====== GIVEN INFORMATION
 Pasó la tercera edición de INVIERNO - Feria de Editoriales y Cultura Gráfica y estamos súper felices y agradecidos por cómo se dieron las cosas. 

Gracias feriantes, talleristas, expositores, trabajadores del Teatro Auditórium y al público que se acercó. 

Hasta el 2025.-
============
====== GIVEN INFORMATION
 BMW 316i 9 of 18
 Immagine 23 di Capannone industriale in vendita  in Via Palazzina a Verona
============
WHAT IS EXPECTED
Each line above from the one with "BMW 316i 9 of 18" up to and including the one with "Immagine 23 di" must be set down exactly, and no line outside that span may appear.

OUTPUT FOR THIS EXERCISE
 BMW 316i 9 of 18
 Immagine 23 di Capannone industriale in vendita  in Via Palazzina a Verona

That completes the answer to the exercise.